Review question

# Can we sketch the graph of $g \colon x \to x - [x]$? Add to your resource collection Remove from your resource collection Add notes to this resource View your notes for this resource

Ref: R5764

## Solution

For any real number $x$, $[x]$ denotes the greatest integer not exceeding $x$; e.g. $[3.6] = 3$, $[2] = 2$, $[-1.4] = -2$, etc. Functions $f$ and $g$ are defined on the domain of all real numbers as follows: $\begin{equation*} f \colon x \to [x]; \quad g \colon x \to x - [x]. \end{equation*}$

Find the ranges of $f$ and $g$, and sketch the graph of $g$.

The function $[x]$ defined here is known as the floor function.

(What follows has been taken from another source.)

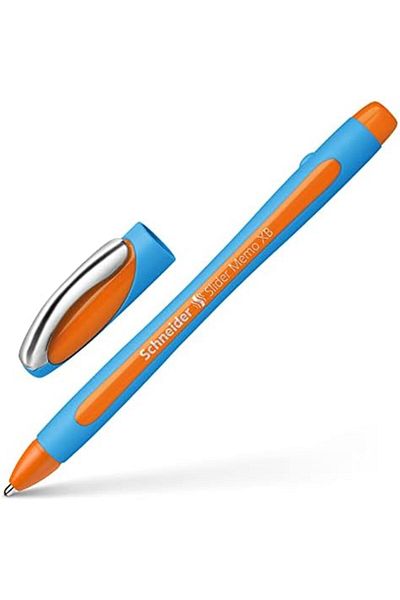 Mena Rise Şirinshop Ballpoint Pen Slider Memo Xb, Model with Cap, 0.7mm, Orange 1108107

From the definition of the floor function, the output value of $f$ will always be an integer. Since the input $x$ can be any real number the range of $f$ is all the integers, $\mathbb{Z}$.

The function $g(x)=x-[x]$ which means it subtracts the whole number part, leaving only the fractional part of the input value $x$.

For integer values of $x$, $[x]=x$ which means that $g(x)=0$. So the graph of the function looks like this.

The range is $0\leq g(x)<1$.

Determine the solution sets of the equations

1. $f(x) = g(x)$
We want to find for which values of $x$, $\begin{equation*} f(x) = g(x) \iff [x] = x - [x]. \end{equation*}$

The left-hand side is always an integer, while the only integer value that the right-hand side can take is zero, which occurs whenever $x$ is an integer.

The solution set is therefore $x=0$.

1. $fg(x) = g\,f(x)$
Since the range of $g$ is $0\leq g(x)<1$ we have that $\begin{equation*} fg(x) = [g(x)] = 0. \end{equation*}$ We also have that $\begin{equation*} g\,f(x) = g([x]) = [x] - [[x]] = 0. \end{equation*}$

The equation is therefore satisfied regardless of the value of $x$. The solution set is the real numbers, $\mathbb{R}$.